▸ EXERCISE OBJECTIVE:
What is needed is an exact printout of all the data.

▸ EXCERPTED RECORDS:
☆ ☆ ☆ ☆ ☆ ☆ ☆

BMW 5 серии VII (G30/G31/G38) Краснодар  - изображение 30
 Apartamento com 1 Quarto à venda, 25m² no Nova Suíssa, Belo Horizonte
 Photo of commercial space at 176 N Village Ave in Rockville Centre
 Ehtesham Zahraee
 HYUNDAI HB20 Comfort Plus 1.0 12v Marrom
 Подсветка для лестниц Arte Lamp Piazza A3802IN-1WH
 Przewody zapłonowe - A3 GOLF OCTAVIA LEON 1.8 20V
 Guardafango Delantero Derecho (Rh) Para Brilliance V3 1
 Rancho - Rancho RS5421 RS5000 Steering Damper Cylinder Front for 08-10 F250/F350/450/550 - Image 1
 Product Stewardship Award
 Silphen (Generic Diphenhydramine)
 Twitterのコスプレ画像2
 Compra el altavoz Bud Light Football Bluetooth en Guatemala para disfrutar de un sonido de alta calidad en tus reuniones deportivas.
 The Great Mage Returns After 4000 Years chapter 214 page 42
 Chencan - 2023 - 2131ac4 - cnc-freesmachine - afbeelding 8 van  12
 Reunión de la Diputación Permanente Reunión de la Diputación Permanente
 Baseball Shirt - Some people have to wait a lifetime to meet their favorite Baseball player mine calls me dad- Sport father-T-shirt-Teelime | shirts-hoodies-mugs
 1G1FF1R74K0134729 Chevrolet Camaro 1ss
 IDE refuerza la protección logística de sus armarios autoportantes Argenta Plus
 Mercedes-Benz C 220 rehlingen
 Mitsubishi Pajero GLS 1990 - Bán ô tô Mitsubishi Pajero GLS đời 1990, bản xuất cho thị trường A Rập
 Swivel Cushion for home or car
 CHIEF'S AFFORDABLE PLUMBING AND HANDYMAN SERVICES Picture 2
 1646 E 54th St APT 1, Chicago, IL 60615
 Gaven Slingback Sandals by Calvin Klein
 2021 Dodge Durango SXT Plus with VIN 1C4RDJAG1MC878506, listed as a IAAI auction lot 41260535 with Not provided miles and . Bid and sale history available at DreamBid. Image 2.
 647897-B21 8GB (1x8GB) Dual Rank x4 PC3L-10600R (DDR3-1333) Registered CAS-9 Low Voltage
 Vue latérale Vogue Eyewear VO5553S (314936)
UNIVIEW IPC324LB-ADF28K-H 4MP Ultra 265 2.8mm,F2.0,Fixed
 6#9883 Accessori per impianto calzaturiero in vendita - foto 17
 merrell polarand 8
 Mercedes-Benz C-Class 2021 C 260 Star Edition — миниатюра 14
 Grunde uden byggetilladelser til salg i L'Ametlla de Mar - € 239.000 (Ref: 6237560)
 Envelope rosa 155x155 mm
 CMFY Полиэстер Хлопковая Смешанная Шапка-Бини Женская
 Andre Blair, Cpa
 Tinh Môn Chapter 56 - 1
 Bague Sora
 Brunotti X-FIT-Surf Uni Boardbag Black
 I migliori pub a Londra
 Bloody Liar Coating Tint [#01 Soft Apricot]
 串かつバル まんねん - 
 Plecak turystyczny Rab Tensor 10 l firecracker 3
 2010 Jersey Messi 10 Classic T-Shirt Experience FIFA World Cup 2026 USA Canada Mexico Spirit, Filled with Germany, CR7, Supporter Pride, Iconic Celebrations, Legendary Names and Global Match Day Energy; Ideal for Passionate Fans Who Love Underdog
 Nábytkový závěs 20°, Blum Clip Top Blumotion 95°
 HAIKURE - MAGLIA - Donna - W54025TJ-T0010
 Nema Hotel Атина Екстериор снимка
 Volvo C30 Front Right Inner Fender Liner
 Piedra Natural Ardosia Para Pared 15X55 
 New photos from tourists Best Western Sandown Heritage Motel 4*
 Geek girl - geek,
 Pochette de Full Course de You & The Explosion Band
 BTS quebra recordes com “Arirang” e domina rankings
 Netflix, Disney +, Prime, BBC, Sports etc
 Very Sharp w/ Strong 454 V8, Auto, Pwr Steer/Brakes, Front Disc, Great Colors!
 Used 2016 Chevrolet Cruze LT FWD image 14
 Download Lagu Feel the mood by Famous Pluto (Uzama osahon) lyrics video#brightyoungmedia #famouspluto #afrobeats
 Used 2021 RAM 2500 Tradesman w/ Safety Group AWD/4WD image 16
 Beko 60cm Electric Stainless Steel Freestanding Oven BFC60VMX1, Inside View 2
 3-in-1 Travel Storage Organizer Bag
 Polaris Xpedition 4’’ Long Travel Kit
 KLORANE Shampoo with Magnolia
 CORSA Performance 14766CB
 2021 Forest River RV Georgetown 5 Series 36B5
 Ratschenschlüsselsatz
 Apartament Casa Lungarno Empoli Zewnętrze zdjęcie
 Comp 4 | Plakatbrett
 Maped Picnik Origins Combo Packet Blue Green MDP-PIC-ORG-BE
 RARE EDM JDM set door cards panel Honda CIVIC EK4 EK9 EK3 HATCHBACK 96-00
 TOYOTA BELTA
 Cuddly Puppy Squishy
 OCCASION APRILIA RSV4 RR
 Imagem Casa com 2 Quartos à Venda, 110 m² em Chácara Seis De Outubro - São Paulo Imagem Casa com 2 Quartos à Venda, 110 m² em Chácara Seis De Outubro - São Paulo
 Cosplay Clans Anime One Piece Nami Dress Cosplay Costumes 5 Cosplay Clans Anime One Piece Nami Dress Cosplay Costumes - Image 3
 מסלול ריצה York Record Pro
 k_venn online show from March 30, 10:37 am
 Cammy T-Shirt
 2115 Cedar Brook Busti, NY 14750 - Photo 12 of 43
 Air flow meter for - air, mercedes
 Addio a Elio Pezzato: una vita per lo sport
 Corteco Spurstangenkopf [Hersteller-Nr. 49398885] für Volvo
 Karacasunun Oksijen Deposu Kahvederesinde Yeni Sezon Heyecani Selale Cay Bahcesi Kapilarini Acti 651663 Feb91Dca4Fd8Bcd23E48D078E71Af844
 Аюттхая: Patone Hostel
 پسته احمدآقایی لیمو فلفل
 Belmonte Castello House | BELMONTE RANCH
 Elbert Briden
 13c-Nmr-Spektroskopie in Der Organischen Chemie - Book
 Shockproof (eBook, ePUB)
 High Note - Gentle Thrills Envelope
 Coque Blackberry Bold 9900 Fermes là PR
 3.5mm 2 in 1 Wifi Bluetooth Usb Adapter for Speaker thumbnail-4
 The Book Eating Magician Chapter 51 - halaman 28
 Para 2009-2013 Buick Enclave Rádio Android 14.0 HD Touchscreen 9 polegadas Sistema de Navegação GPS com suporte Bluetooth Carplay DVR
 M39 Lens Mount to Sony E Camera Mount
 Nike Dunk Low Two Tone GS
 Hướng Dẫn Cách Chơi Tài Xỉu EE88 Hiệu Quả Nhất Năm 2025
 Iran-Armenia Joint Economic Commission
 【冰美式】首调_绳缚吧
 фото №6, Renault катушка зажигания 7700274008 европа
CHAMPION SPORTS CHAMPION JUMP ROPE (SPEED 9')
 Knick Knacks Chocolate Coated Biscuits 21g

☆ ☆ ☆ ☆ ☆ ☆ ☆

▸ OUTPUT BELOW:
BMW 5 серии VII (G30/G31/G38) Краснодар  - изображение 30
 Apartamento com 1 Quarto à venda, 25m² no Nova Suíssa, Belo Horizonte
 Photo of commercial space at 176 N Village Ave in Rockville Centre
 Ehtesham Zahraee
 HYUNDAI HB20 Comfort Plus 1.0 12v Marrom
 Подсветка для лестниц Arte Lamp Piazza A3802IN-1WH
 Przewody zapłonowe - A3 GOLF OCTAVIA LEON 1.8 20V
 Guardafango Delantero Derecho (Rh) Para Brilliance V3 1
 Rancho - Rancho RS5421 RS5000 Steering Damper Cylinder Front for 08-10 F250/F350/450/550 - Image 1
 Product Stewardship Award
 Silphen (Generic Diphenhydramine)
 Twitterのコスプレ画像2
 Compra el altavoz Bud Light Football Bluetooth en Guatemala para disfrutar de un sonido de alta calidad en tus reuniones deportivas.
 The Great Mage Returns After 4000 Years chapter 214 page 42
 Chencan - 2023 - 2131ac4 - cnc-freesmachine - afbeelding 8 van  12
 Reunión de la Diputación Permanente Reunión de la Diputación Permanente
 Baseball Shirt - Some people have to wait a lifetime to meet their favorite Baseball player mine calls me dad- Sport father-T-shirt-Teelime | shirts-hoodies-mugs
 1G1FF1R74K0134729 Chevrolet Camaro 1ss
 IDE refuerza la protección logística de sus armarios autoportantes Argenta Plus
 Mercedes-Benz C 220 rehlingen
 Mitsubishi Pajero GLS 1990 - Bán ô tô Mitsubishi Pajero GLS đời 1990, bản xuất cho thị trường A Rập
 Swivel Cushion for home or car
 CHIEF'S AFFORDABLE PLUMBING AND HANDYMAN SERVICES Picture 2
 1646 E 54th St APT 1, Chicago, IL 60615
 Gaven Slingback Sandals by Calvin Klein
 2021 Dodge Durango SXT Plus with VIN 1C4RDJAG1MC878506, listed as a IAAI auction lot 41260535 with Not provided miles and . Bid and sale history available at DreamBid. Image 2.
 647897-B21 8GB (1x8GB) Dual Rank x4 PC3L-10600R (DDR3-1333) Registered CAS-9 Low Voltage
 Vue latérale Vogue Eyewear VO5553S (314936)
UNIVIEW IPC324LB-ADF28K-H 4MP Ultra 265 2.8mm,F2.0,Fixed
 6#9883 Accessori per impianto calzaturiero in vendita - foto 17
 merrell polarand 8
 Mercedes-Benz C-Class 2021 C 260 Star Edition — миниатюра 14
 Grunde uden byggetilladelser til salg i L'Ametlla de Mar - € 239.000 (Ref: 6237560)
 Envelope rosa 155x155 mm
 CMFY Полиэстер Хлопковая Смешанная Шапка-Бини Женская
 Andre Blair, Cpa
 Tinh Môn Chapter 56 - 1
 Bague Sora
 Brunotti X-FIT-Surf Uni Boardbag Black
 I migliori pub a Londra
 Bloody Liar Coating Tint [#01 Soft Apricot]
 串かつバル まんねん - 
 Plecak turystyczny Rab Tensor 10 l firecracker 3
 2010 Jersey Messi 10 Classic T-Shirt Experience FIFA World Cup 2026 USA Canada Mexico Spirit, Filled with Germany, CR7, Supporter Pride, Iconic Celebrations, Legendary Names and Global Match Day Energy; Ideal for Passionate Fans Who Love Underdog
 Nábytkový závěs 20°, Blum Clip Top Blumotion 95°
 HAIKURE - MAGLIA - Donna - W54025TJ-T0010
 Nema Hotel Атина Екстериор снимка
 Volvo C30 Front Right Inner Fender Liner
 Piedra Natural Ardosia Para Pared 15X55 
 New photos from tourists Best Western Sandown Heritage Motel 4*
 Geek girl - geek,
 Pochette de Full Course de You & The Explosion Band
 BTS quebra recordes com “Arirang” e domina rankings
 Netflix, Disney +, Prime, BBC, Sports etc
 Very Sharp w/ Strong 454 V8, Auto, Pwr Steer/Brakes, Front Disc, Great Colors!
 Used 2016 Chevrolet Cruze LT FWD image 14
 Download Lagu Feel the mood by Famous Pluto (Uzama osahon) lyrics video#brightyoungmedia #famouspluto #afrobeats
 Used 2021 RAM 2500 Tradesman w/ Safety Group AWD/4WD image 16
 Beko 60cm Electric Stainless Steel Freestanding Oven BFC60VMX1, Inside View 2
 3-in-1 Travel Storage Organizer Bag
 Polaris Xpedition 4’’ Long Travel Kit
 KLORANE Shampoo with Magnolia
 CORSA Performance 14766CB
 2021 Forest River RV Georgetown 5 Series 36B5
 Ratschenschlüsselsatz
 Apartament Casa Lungarno Empoli Zewnętrze zdjęcie
 Comp 4 | Plakatbrett
 Maped Picnik Origins Combo Packet Blue Green MDP-PIC-ORG-BE
 RARE EDM JDM set door cards panel Honda CIVIC EK4 EK9 EK3 HATCHBACK 96-00
 TOYOTA BELTA
 Cuddly Puppy Squishy
 OCCASION APRILIA RSV4 RR
 Imagem Casa com 2 Quartos à Venda, 110 m² em Chácara Seis De Outubro - São Paulo Imagem Casa com 2 Quartos à Venda, 110 m² em Chácara Seis De Outubro - São Paulo
 Cosplay Clans Anime One Piece Nami Dress Cosplay Costumes 5 Cosplay Clans Anime One Piece Nami Dress Cosplay Costumes - Image 3
 מסלול ריצה York Record Pro
 k_venn online show from March 30, 10:37 am
 Cammy T-Shirt
 2115 Cedar Brook Busti, NY 14750 - Photo 12 of 43
 Air flow meter for - air, mercedes
 Addio a Elio Pezzato: una vita per lo sport
 Corteco Spurstangenkopf [Hersteller-Nr. 49398885] für Volvo
 Karacasunun Oksijen Deposu Kahvederesinde Yeni Sezon Heyecani Selale Cay Bahcesi Kapilarini Acti 651663 Feb91Dca4Fd8Bcd23E48D078E71Af844
 Аюттхая: Patone Hostel
 پسته احمدآقایی لیمو فلفل
 Belmonte Castello House | BELMONTE RANCH
 Elbert Briden
 13c-Nmr-Spektroskopie in Der Organischen Chemie - Book
 Shockproof (eBook, ePUB)
 High Note - Gentle Thrills Envelope
 Coque Blackberry Bold 9900 Fermes là PR
 3.5mm 2 in 1 Wifi Bluetooth Usb Adapter for Speaker thumbnail-4
 The Book Eating Magician Chapter 51 - halaman 28
 Para 2009-2013 Buick Enclave Rádio Android 14.0 HD Touchscreen 9 polegadas Sistema de Navegação GPS com suporte Bluetooth Carplay DVR
 M39 Lens Mount to Sony E Camera Mount
 Nike Dunk Low Two Tone GS
 Hướng Dẫn Cách Chơi Tài Xỉu EE88 Hiệu Quả Nhất Năm 2025
 Iran-Armenia Joint Economic Commission
 【冰美式】首调_绳缚吧
 фото №6, Renault катушка зажигания 7700274008 европа
CHAMPION SPORTS CHAMPION JUMP ROPE (SPEED 9')
 Knick Knacks Chocolate Coated Biscuits 21g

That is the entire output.